At dawn each day in Kissy Brook, Freetown, Mariatu Kamara, a 35-year-old single mother, begins a silent ritual. She and her daughter Fatmata, just 12, set off with jerrycans in hand, searching for water. Some days, they return with a few litres. Other days, they come back empty.

In a city flanked by waterfalls, rivers, and springs, this is more than ironic—it’s tragic. The Eastern Area of Freetown is facing the worst water crisis in Sierra Leone’s modern history, one rooted not in scarcity, but in state neglect, environmental damage, and systemic inequality.

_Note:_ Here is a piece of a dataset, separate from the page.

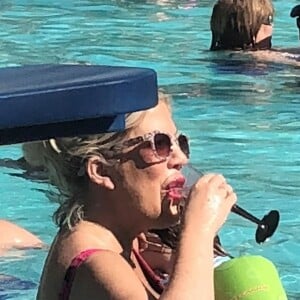 Exclusif - Tori Spelling passe du bon temps en famille avec son mari Dean McDermott et ses enfants Hattie, Finn, Beau, Liam et Stella. Palm Springs, le 17 juin 2018.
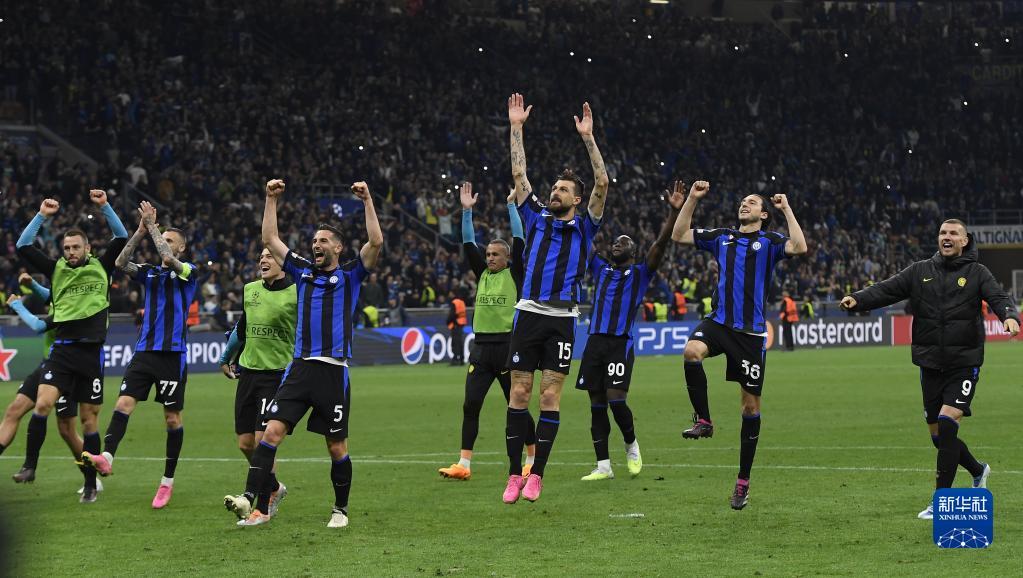 太阳报：阿尔德韦雷尔德参加比利时蒙面歌手后，又参演了电影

Once, taps flowed reliably in Mariatu’s neighborhood. Today, they’ve fallen silent. The Guma Valley Water Company—tasked with serving Freetown’s rapidly growing population—still relies on infrastructure built in the 1960s for a city of 300,000. Now, it struggles to meet the needs of over 1.5 million residents. In the absence of consistent state supply, a shadow water economy has taken root: private borehole operators extract groundwater, package it in plastic sachets, and sell it for profit.

To Mariatu, this solution is flawed. The sachets are expensive. The water is often untested. And the waste—the waste is everywhere. “We drink it because we must,” she says. “But the plastics, they’re choking us.” And this unregulated sachet economy brings with it a second crisis: environmental degradation. Plastic waste now floods Freetown’s gutters, clogs drains, and litters riverbanks. These sachets, many of which take over 30 years to decompose, are turning the city into a landfill.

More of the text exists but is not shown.